Shortly after his graduation in 1883, Klimt opened the Company of Artists in collaboration with his younger brother Ernst and friend Franz Masch. Focused on creating murals in the academic style, the group set their sights on appealing to the tastes of the upper class. This adherence to the traditional style won the group commissions for various major public projects, and the framework of the style allowed the three individual artists to work interchangeably. During their seven years together, the Company of Artists painted murals for the Vienna Burgtheater and the Kunsthistorisches Museum, for which they are still known today. In 1890, the group joined the conservative Vienna Artists’ Association, the primary artistic group responsible for the city’s major exhibitions during the period.
1891 marked a turning point in Klimt’s career, steered by artistic growth born out of personal tragedy. In the same year, Klimt’s father and brother Ernst died. The profound loss of his brother, also a major artistic collaborator and confidant, and his father sparked the first steps of developing the personal style for which Klimt is now best known. Relying heavily on stylized decorative elements, symbolism, and a range of outside influences, Klimt began to explore his own artistic freedom outside the confines of the academic style of painting in which he was trained during his schooling.
Klimt continued to explore this more personal style of painting. In 1897, he and a group of artists resigned from the Vienna Artists’ Association to form their own group, known as the Vienna Secession. Members were unified in their rejection of the predominant classical academic style in favor of each artist’s individual experimentation. In addition, they focused efforts on supporting and exhibiting nontraditional and international art at home in Vienna. Nominated as the first president of the group, Klimt created the Secession’s symbol, a painting of the Greek goddess Pallas Athena, now known as the first in a series of works from his most iconic period in painting.

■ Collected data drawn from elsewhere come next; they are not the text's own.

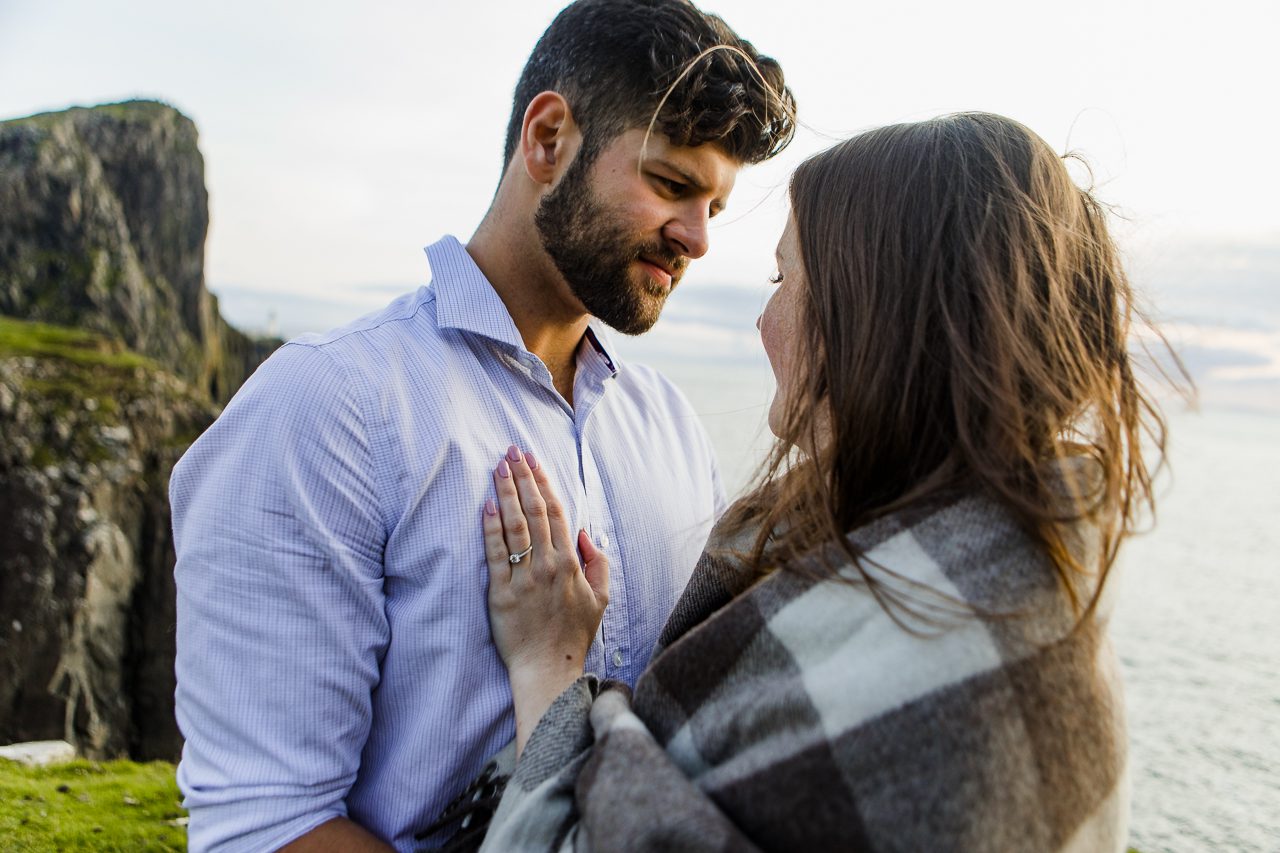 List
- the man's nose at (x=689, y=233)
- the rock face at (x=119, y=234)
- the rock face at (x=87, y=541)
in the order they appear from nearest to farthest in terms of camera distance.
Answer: the man's nose at (x=689, y=233) → the rock face at (x=87, y=541) → the rock face at (x=119, y=234)

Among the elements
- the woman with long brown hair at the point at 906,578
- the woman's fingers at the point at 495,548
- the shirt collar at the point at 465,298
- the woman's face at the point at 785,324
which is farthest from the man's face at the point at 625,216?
the woman's fingers at the point at 495,548

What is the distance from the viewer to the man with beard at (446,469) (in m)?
2.00

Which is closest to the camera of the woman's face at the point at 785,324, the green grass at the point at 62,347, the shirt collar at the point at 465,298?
A: the woman's face at the point at 785,324

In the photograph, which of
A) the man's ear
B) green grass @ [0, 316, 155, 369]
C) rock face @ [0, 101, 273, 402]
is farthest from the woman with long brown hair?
rock face @ [0, 101, 273, 402]

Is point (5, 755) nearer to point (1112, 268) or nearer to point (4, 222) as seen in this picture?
point (1112, 268)

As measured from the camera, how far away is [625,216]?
2795 mm

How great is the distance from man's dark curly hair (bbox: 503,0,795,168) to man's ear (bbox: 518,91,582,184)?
0.03 metres

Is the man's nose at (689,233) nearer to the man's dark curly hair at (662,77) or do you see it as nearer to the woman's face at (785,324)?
the man's dark curly hair at (662,77)

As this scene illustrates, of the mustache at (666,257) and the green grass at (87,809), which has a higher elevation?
the mustache at (666,257)

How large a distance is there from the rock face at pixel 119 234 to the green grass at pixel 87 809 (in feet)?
129

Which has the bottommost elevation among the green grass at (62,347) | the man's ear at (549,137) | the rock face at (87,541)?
the rock face at (87,541)

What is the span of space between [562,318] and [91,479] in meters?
19.3

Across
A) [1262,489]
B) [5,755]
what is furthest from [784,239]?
[1262,489]

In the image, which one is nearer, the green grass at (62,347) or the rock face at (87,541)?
the rock face at (87,541) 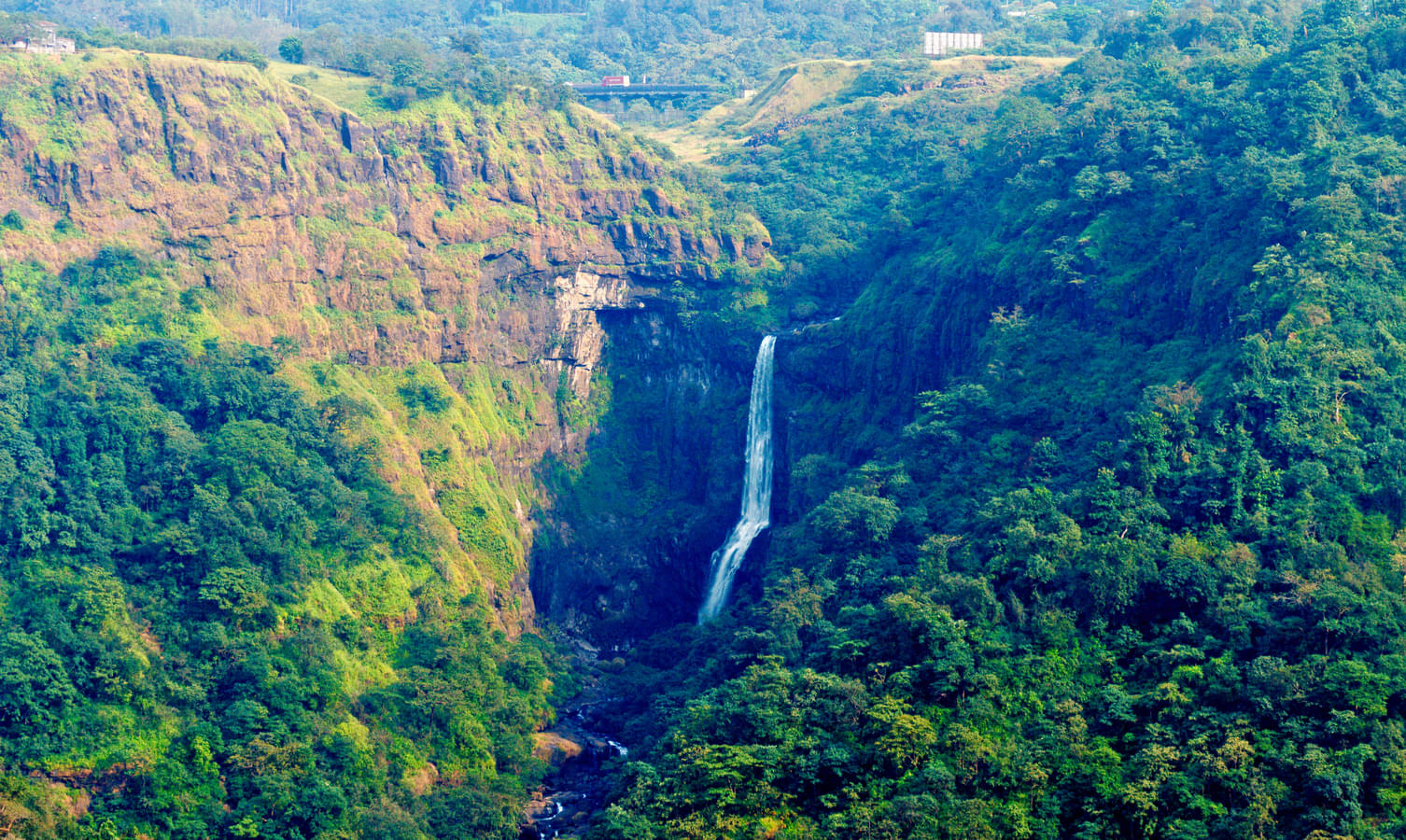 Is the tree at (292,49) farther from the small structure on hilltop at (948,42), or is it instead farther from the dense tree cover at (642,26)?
the small structure on hilltop at (948,42)

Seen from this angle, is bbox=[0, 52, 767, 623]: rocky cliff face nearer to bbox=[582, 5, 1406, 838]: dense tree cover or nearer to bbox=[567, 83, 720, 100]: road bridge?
bbox=[582, 5, 1406, 838]: dense tree cover

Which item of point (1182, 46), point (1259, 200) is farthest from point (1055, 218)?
point (1182, 46)

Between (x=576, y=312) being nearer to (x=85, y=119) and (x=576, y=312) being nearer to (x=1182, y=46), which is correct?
(x=85, y=119)

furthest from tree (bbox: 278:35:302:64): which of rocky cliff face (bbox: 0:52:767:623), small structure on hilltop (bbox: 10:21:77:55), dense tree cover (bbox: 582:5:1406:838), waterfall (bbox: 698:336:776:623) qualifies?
dense tree cover (bbox: 582:5:1406:838)

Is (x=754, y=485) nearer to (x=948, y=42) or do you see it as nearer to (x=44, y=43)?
(x=44, y=43)

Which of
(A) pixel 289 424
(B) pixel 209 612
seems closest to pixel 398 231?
(A) pixel 289 424

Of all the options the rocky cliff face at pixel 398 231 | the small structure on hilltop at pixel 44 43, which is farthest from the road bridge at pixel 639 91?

By 1900, Klimt became famous for his Art Nouveau-style work featuring highly stylized designs and the controversial, erotic nature of his subjects. Beginning with his painting of Pallas Athena, Klimt had entered what is now known as his “Golden Phase,” a series of paintings featuring an extensive use of gold leaf and a compressed sense of perspective, which also includes his paintings “The Kiss” (1908) and “Tree of Life” also known as the Stoclet Frieze (1909). Housed at Osterreichische Galerie Belvedere and the Museum of Applied Arts, Vienna, Austria; respectively, these gleaming masterworks are among the artist’s more recognizable and celebrated works of art.